Warum sollte es keine massenhafte Selbsttäuschung geben?

Haben sich Menschen an vielen Stellen aus tierischen Vorfahren entwickelt, oder geschah dies an einem Ort, so dass es dadurch zu einer einheitlichen Tendenz kam, in der Umwelt ein „Gegenüber zu sehen“?

Aus dieser Tendenz haben sich dann, auf Basis von Ortsunterschieden, eigenen Entwürfe gebildet.
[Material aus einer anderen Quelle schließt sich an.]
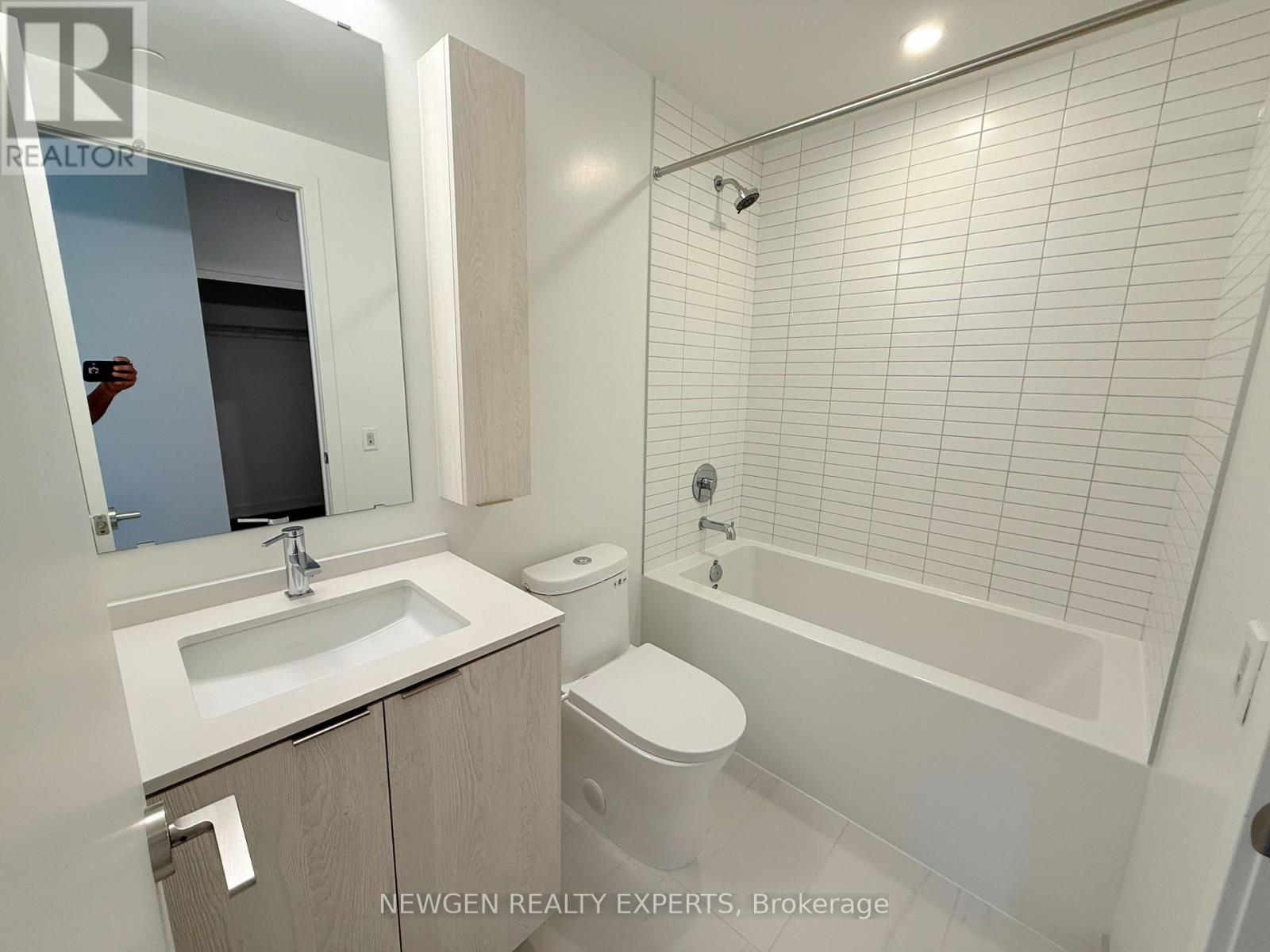 101 John Street North — photo 27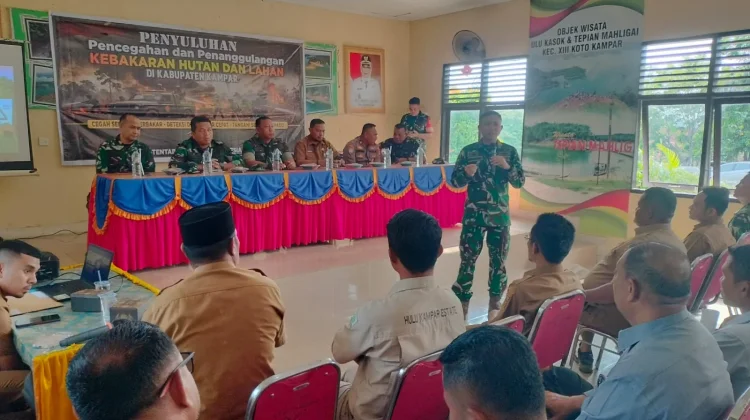 Tim Karhutla Mabes TNI Edukasi Warga Kampar Cegah Kebakaran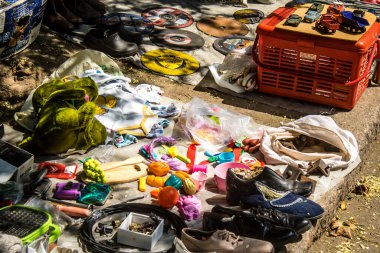 Odesa, Ukrayna, 10 Ağustos 2024 Starokonnyi bit pazarı Odesa 'daki en renkli yerlerden biridir. Bu eşsiz yerde nadir eşyalar, değersiz plastik eşyalar ve ikinci el eşyalar buluyoruz..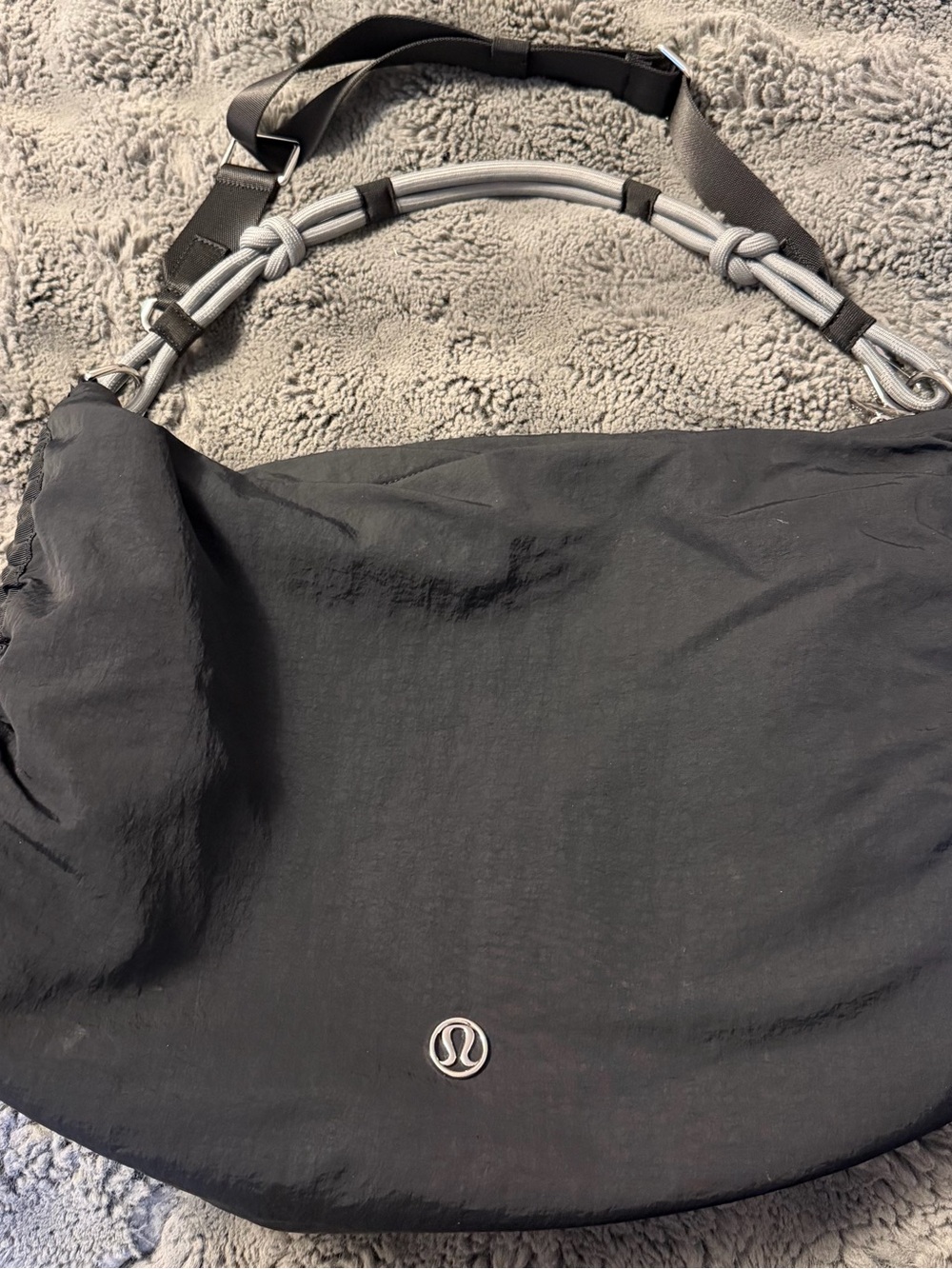 lululemon athletica Convertible Ruched Crossbody Bag Large 16L Black/Asphalt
Man muss auch bedenken, dass das Rätsel des Bewusstseins mit Leichtigkeit jeder Menschengruppe auffällt, wodurch es zu „Lösungsversuchen“ kommt.

Sobald es aber etwas konkret wird, unterscheiden sich Religionen durchaus sehr stark.

closs hat geschrieben:
SilverBullet hat geschrieben:Der entscheidende Punkt ist, dass dieser Satz von einem Wahrnehmungssystem formuliert wird, das keinen wahrnehmungsunabhängigen Zugang zu einer Aussenwelt hat.
Was ändert das an dem Satz:
closs hat geschrieben:"Sein"/"Realität" ist keine abhängige Größe von Wahrnehmung (lassen wir hier QM-Sonderfälle mal weg).
---???---
Wahrnehmungssysteme können Existenzen nicht einfach durch das Denken erschliessen.
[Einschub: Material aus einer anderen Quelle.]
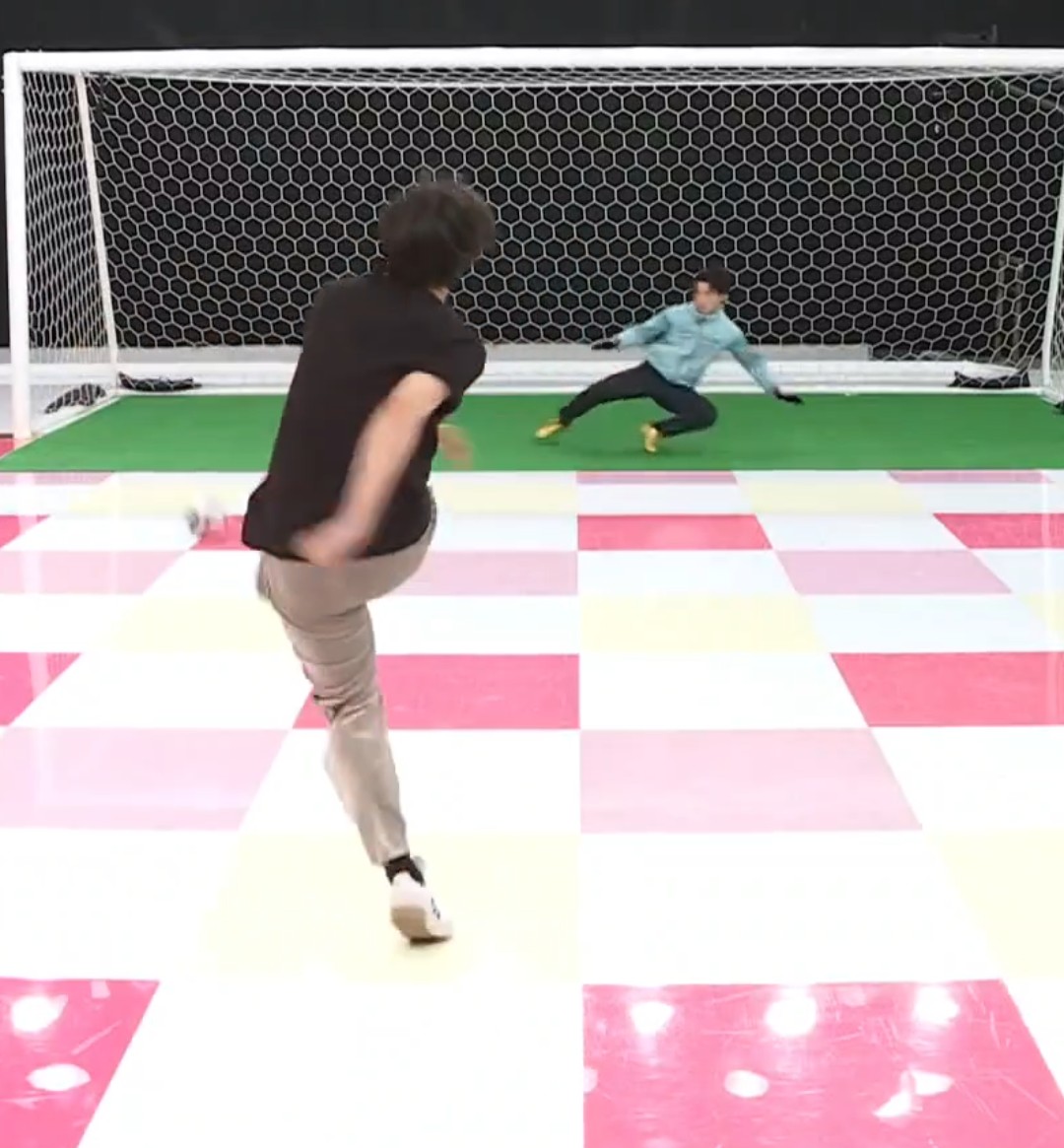 yukarin09160215's tweet photo. 屋上で会ういつもダルそうにしてる後輩の中村くん  球技大会のサッカーでかっこよくPK決めた後  こっち見てキメ顔してきたんだけど…  って恋が始まるやつですか？ https://t.co/L3gvSJs1Vu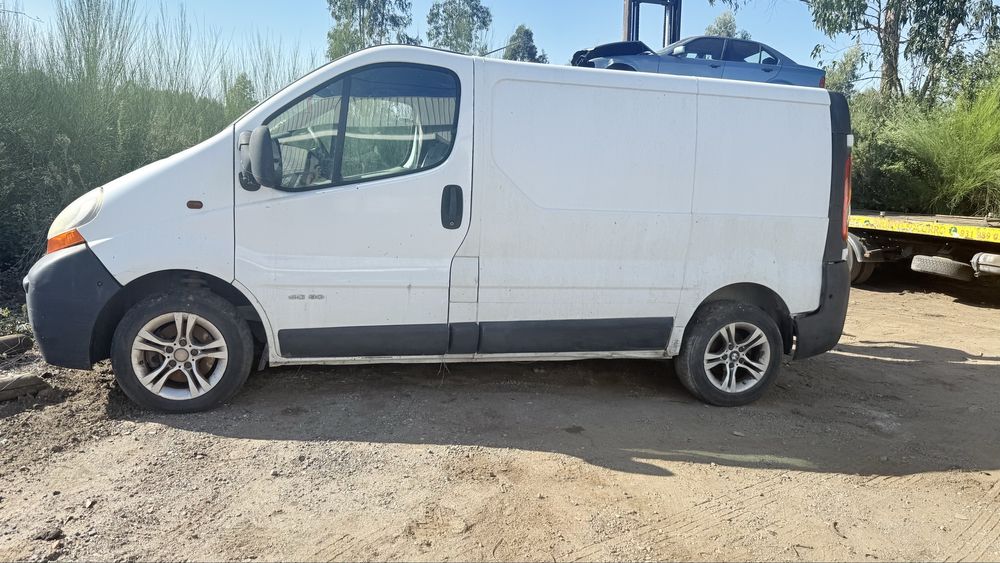 Renault trafic II 1.90Dci ano 2002 para peças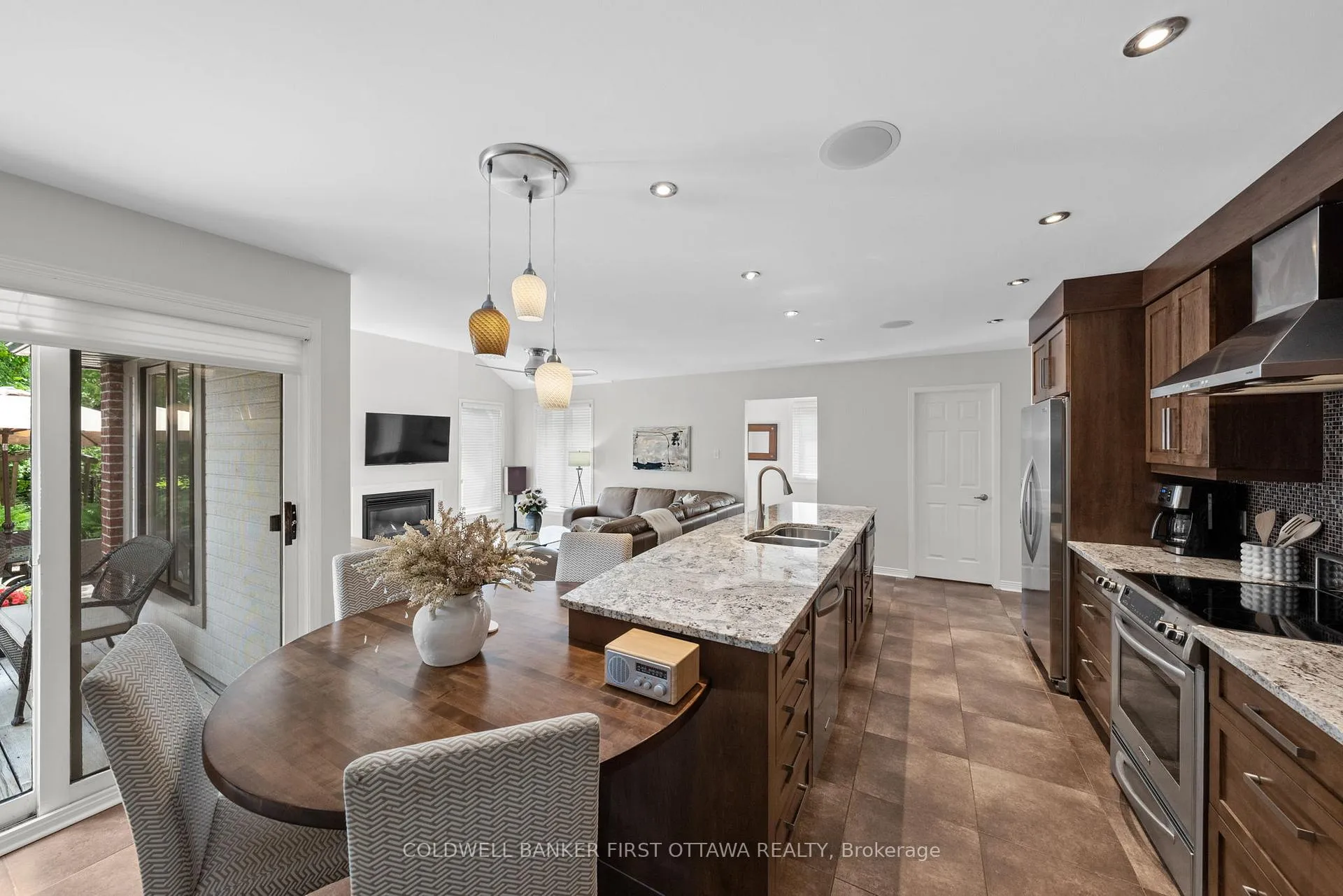 Photo 13 of 30 Castlethorpe Crescent, Ottawa, Centrepointe — HOMEH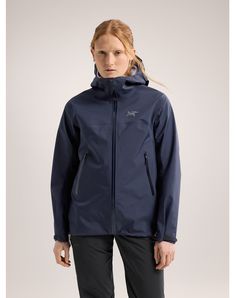 Durable, highly versatile mountain shell made with PFC-free GORE-TEX ePE fabric. Mountain Apparel, Arcteryx Women, Arcteryx Jacket, Mountain Activities, Jacket Outfit Women, Mountain Outfit, Black Sapphire, Shell Jacket, Christmas 2024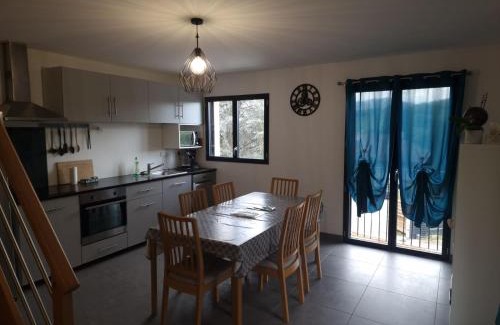 Saint-Martin-d'Uriage Apartment | Appartement rez de jardin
Dein Satz ist (wie ich geschrieben habe) als Wahrscheinlichkeitseinschätzung, für praktisch bestätigte Fälle, OK, aber das Universalkonzept „ich spüre etwas Unsichtbares, also gehe ich von seiner Existenz aus“ ist nicht vertretbar, zumal im Falle von Religion eine „saftige Suggestion“ vorausgeht.

closs hat geschrieben:Mit dem Ergebnis, dass etwa Sokrates sagt "Ich weiss, dass ich nichts weiss" (das hat er WIRKLICH gemeint - das war kein Bonmot) - oder das Descartes sagt, dass das einzig sichere Wissen das "Cogito" ist (aus meiner Sicht ontologisch nicht widerlegbar) - oder dass Hegel in der Erkenntnis die Vollendung des Vollkommenen versteht (siehe auch 1.Kor. 13,12). - DAS ist "echte" Philosophie: Die Thematisierung von Wahrheit im Bewusstsein, sie nicht greifen zu können.
Hier wird genau der Anspruch deutlich, den ich anspreche.
Philosophie: Denken/Bewusstsein wird in Bezug zu Wahrheit gedacht.
Das Denken soll das ultimative Werkzeug sein.
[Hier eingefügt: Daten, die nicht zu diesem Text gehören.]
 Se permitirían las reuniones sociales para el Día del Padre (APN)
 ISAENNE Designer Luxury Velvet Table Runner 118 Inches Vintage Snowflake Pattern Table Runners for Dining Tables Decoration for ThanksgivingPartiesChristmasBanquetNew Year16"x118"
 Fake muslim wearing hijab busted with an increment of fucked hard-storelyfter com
Die Idee, dass der Herstellungsprozess des Denkens, massive Konsequenzen für die Gültigkeit des Denkens haben könnte, soll keine Rolle spielen.

Diesen Anspruch schiebt die Philosophie (aus meiner Sicht) unterschwellig vor sich her.

„Ich denke, also bin ich“ ist genau dieser Anspruch. Auch wenn heute viele Philosophen den Geist-Körper-Dualismus ablehnen möchten, gehen sie dennoch von „wirklich existierenden Denkzusammenhängen“ aus.

Du sagst selbst: „Die Logik besteht hier darin, dass es beim "Ich" nicht um eine Differenz zwischen Subjekt und Objekt geben kann.“.
Warum sollte die Logik, angewandt auf Denkzusammenhänge, entscheidend für die Herstellung von Denken sein?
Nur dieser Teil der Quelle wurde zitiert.